**REQUIREMENT**:
Provide an exact copy of the data, excluding the images.

**INFORMATION PROVIDED**:
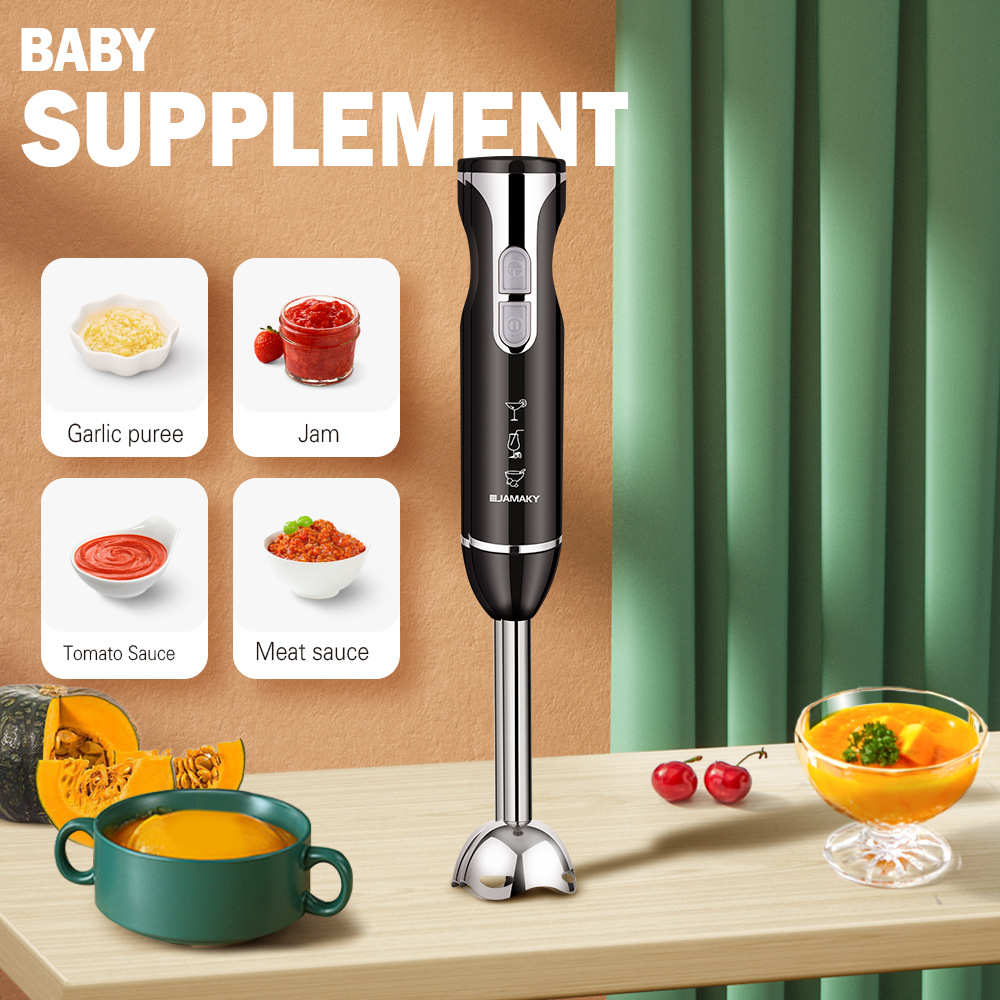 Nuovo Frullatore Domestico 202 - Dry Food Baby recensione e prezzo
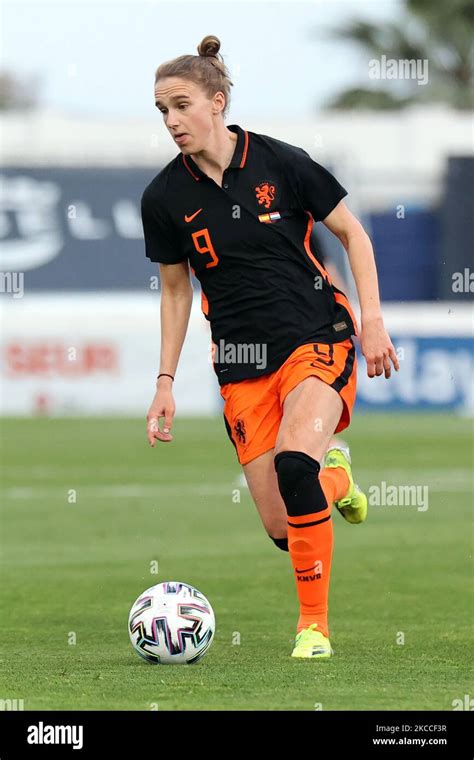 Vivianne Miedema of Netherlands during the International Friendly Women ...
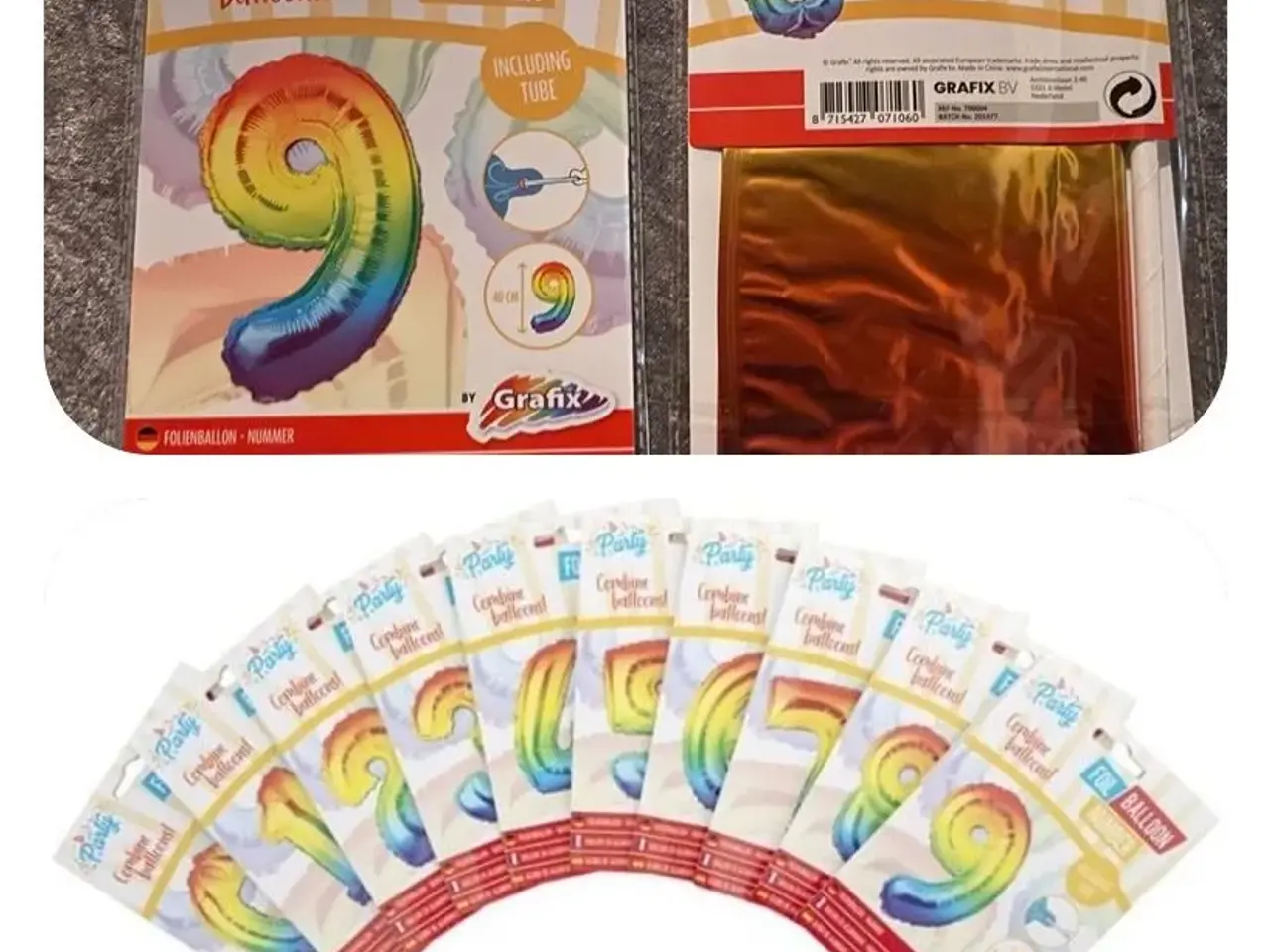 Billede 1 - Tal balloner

**ANSWER SPACE**:
 Nuovo Frullatore Domestico 202 - Dry Food Baby recensione e prezzo
 Vivianne Miedema of Netherlands during the International Friendly Women ...
 Billede 1 - Tal balloner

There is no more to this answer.